Our ability to deduct business interest expense will be limited for U.S. federal income tax purposes to an amount equal to the sum of (i) our business interest income during the taxable year and (ii) 30% of our adjusted taxable income for such taxable year. For the purposes of this limitation, adjusted taxable income is computed without regard to any business interest expense or business interest income, and in the case of taxable years beginning before January 1, 2022, any deduction allowable for depreciation, amortization, or depletion. If we are not entitled to fully deduct our business interest in any taxable year, such excess business interest expense will be allocated to each unitholder as excess business interest and can be carried forward by the unitholder to successive taxable years and used to offset any excess taxable income allocated by us to such unitholder. Any excess business interest expense allocated to a unitholder will reduce such unitholder’s tax basis in its partnership interest in the year of the allocation even if the expense does not give rise to a deduction to the unitholder in that year. Immediately prior to a disposition of its shares, a unitholder’s tax basis will be increased by the amount by which such basis reduction exceeds the excess interest expense that has been deducted by such unitholder.
There are limits on the deductibility of losses that may adversely affect unitholders.
In the case of taxpayers subject to the passive loss rules (generally, individuals, closely-held corporations and regulated investment companies), any losses generated by us will only be available to offset our future income and cannot be used to offset income from other activities, including other passive activities or investments. Unused losses may be deducted when the unitholder disposes of the unitholder’s entire investment in us in a fully taxable transaction with an unrelated party. A unitholder’s share of our net passive income may be offset by unused losses from us carried over from prior years, but not by losses from other passive activities, including losses from other publicly traded partnerships.
Further, in addition to the other limitations described above, non-corporate taxpayers may only deduct business losses up the gross income or gain attributable to such trade or business plus $250,000 ($500,000 for unitholders filing jointly). Amounts that may not be deducted in a taxable year may be carried forward into the following taxable year. This limitation shall be applied after the passive loss limitations and, unless amended, applies only to taxable years beginning prior to December 31, 2025.

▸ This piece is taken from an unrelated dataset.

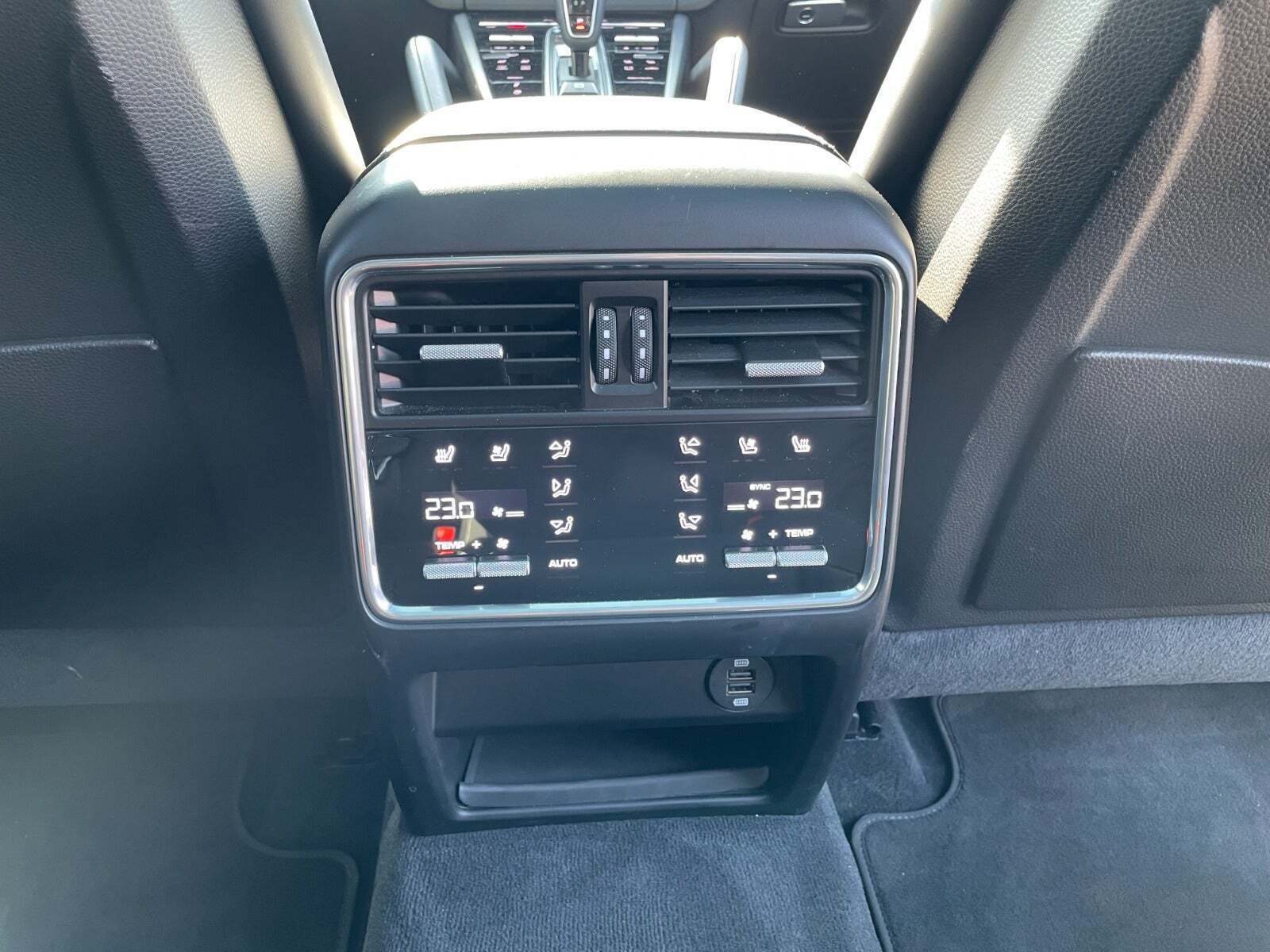 Blå Porsche Cayenne S fra 2018 set indefra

Tax gain or loss on the disposition of our common units could be more or less than expected.
If a unitholder sells its common units, the unitholder will recognize a gain or loss equal to the difference between the amount realized and the unitholder's tax basis in those common units. Because distributions to a unitholder in excess of the total net taxable income allocated to the unitholder decrease the unitholder's tax basis in the unitholder's common units, the amount, if any, of such prior excess distributions with respect to the units sold will, in effect, become taxable income to the unitholder if the unitholder sells the common units at a price greater than the unitholder's tax basis in those common units, even if the price received by the unitholder is less than the original cost. Furthermore, a substantial portion of the amount realized on any sale of a unitholder's common units, whether or not representing gain, may be taxed as ordinary income due to potential recapture items, including depreciation recapture. In addition, because the amount realized includes a unitholder's share of our nonrecourse liabilities, if the unitholder sells its common units, the unitholder may incur a tax liability in excess of the amount of cash the unitholder receives from the sale.
Tax-exempt entities and non-U.S. persons face unique tax issues from owning our common units that may result in adverse tax consequences to them.
Investment in common units by tax-exempt entities, such as individual retirement accounts, or IRAs, other retirement plans and non-U.S. persons raises issues unique to them. For example, virtually all of our income allocated to organizations that are
exempt from U.S. federal income tax, including IRAs and other retirement plans, will be unrelated business taxable income, which may be taxable to them. Further, with respect to taxable years beginning after December 31, 2017, a tax-exempt entity with more than one unrelated trade or business (including by attribution from investment in a partnership such as ours that is engaged in one or more unrelated trade or business) is required to compute the unrelated business taxable income of such tax-exempt entity separately with respect to each such trade or business (including for purposes of determining any net operating loss deduction). As a result, for years beginning after December 31, 2017, it may not be possible for tax-exempt entities to utilize losses from an investment in our partnership to offset unrelated business taxable income from another unrelated trade or business and vice versa. Tax-exempt entities should consult a tax advisor before investing in our common units.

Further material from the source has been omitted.